**Problem requirements**.
Before copying, set aside the pictures; then restate exactly the lines from the one with "Poster holder, day" through the last line of the records.

**Records shown**.

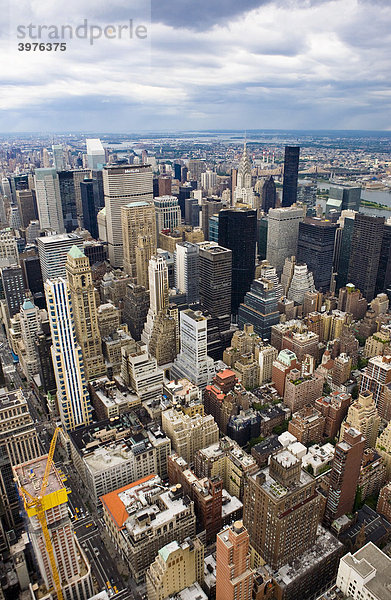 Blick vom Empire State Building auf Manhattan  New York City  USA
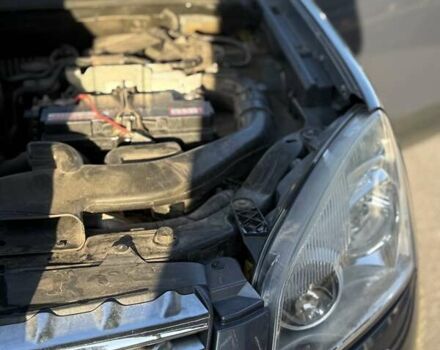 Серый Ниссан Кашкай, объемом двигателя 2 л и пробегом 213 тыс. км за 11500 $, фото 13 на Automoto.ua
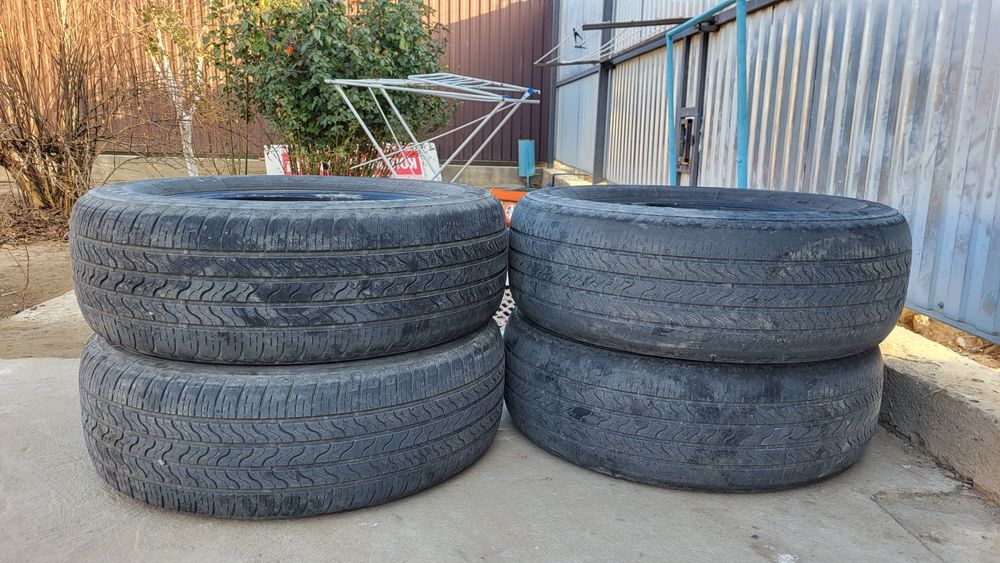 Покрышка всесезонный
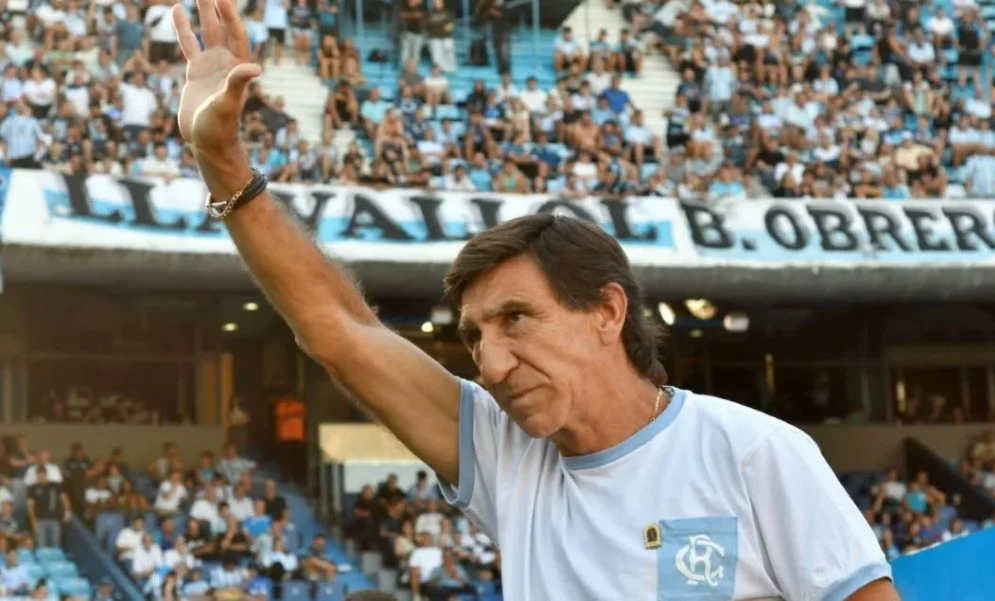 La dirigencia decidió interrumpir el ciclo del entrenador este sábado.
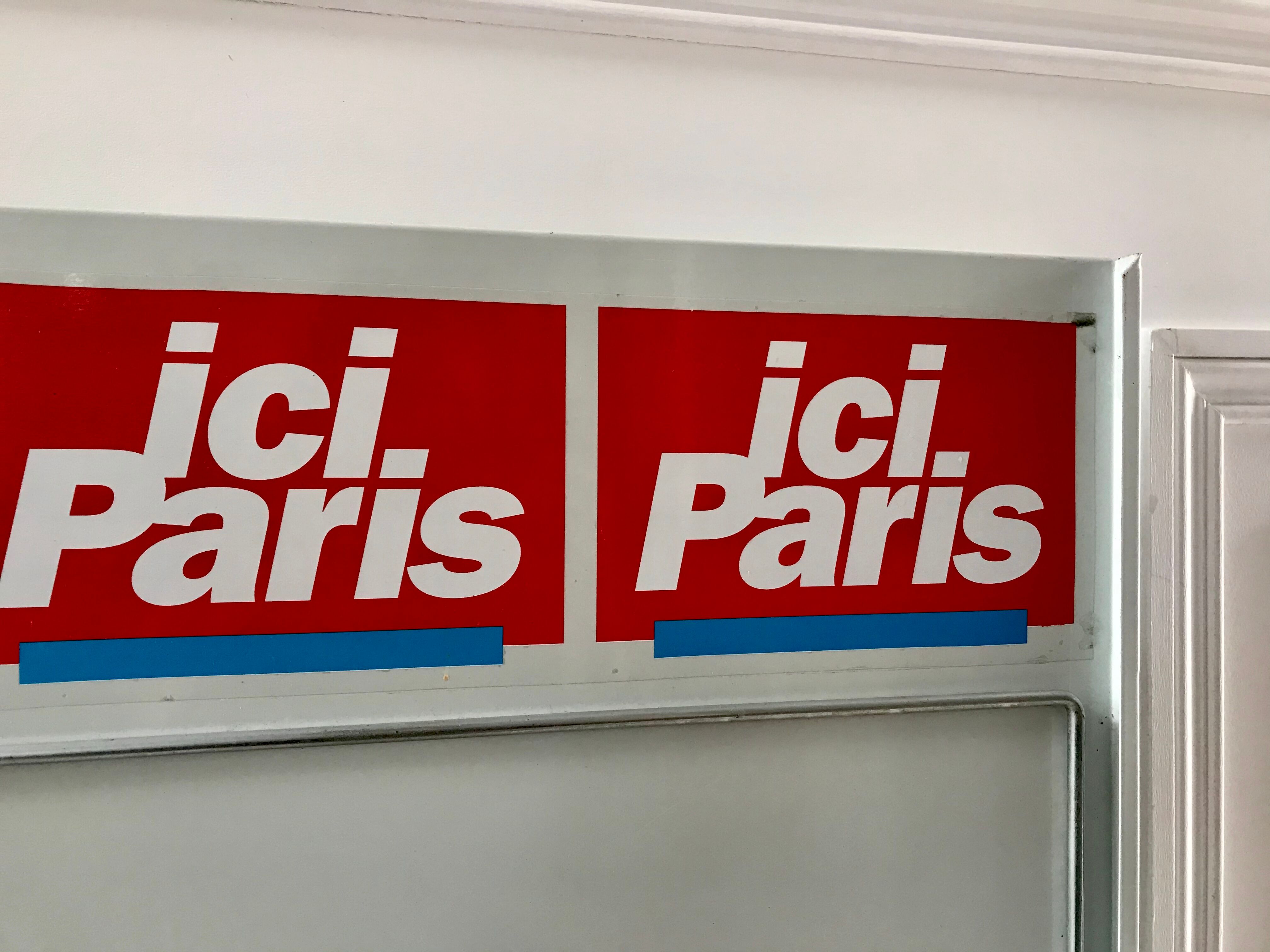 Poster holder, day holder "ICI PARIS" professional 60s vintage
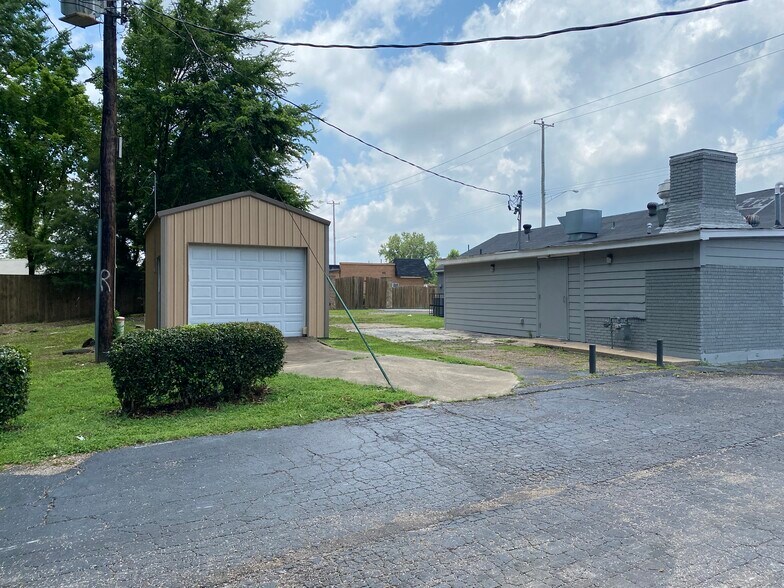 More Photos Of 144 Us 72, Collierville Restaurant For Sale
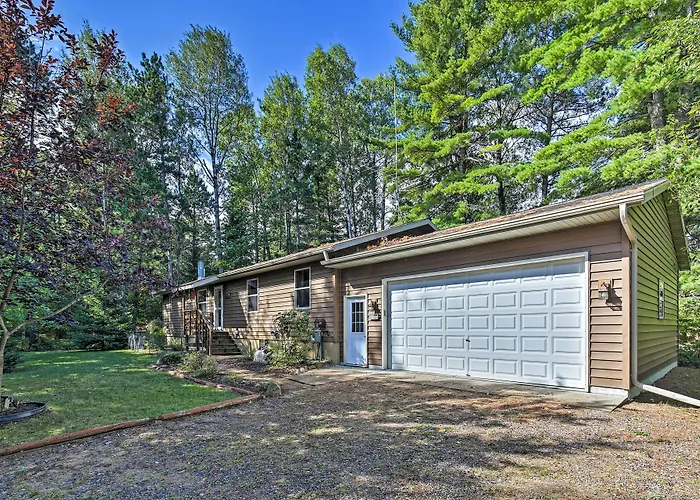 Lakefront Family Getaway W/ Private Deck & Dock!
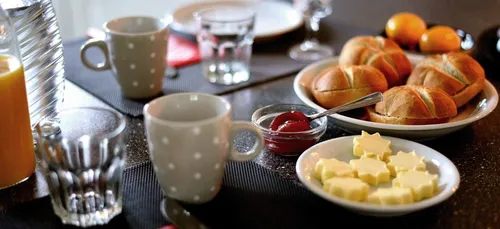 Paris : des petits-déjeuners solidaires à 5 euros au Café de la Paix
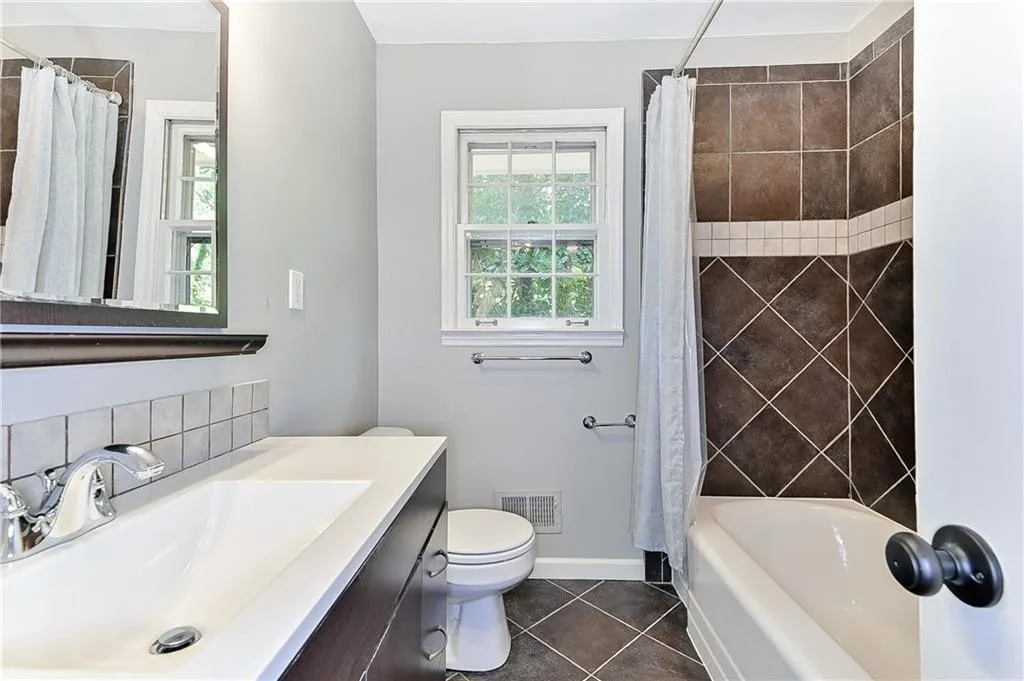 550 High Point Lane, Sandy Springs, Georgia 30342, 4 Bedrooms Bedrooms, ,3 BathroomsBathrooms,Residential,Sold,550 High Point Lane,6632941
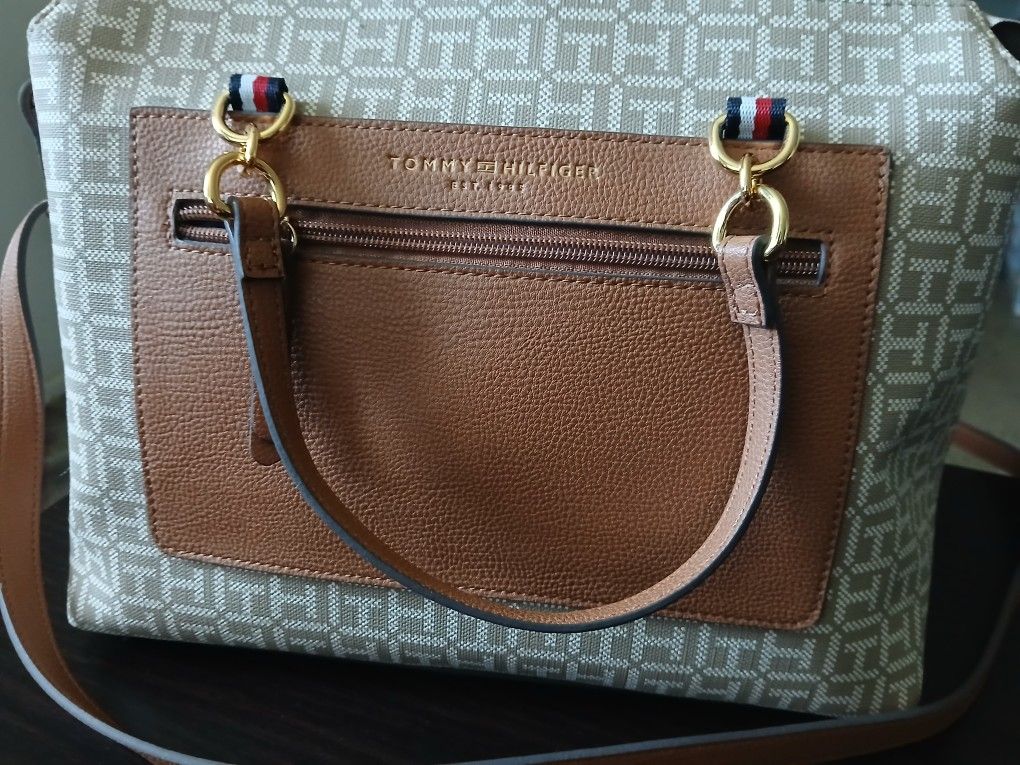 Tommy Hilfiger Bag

**Problem solution**.
 Poster holder, day holder "ICI PARIS" professional 60s vintage
 More Photos Of 144 Us 72, Collierville Restaurant For Sale
 Lakefront Family Getaway W/ Private Deck & Dock!
 Paris : des petits-déjeuners solidaires à 5 euros au Café de la Paix
 550 High Point Lane, Sandy Springs, Georgia 30342, 4 Bedrooms Bedrooms, ,3 BathroomsBathrooms,Residential,Sold,550 High Point Lane,6632941
 Tommy Hilfiger Bag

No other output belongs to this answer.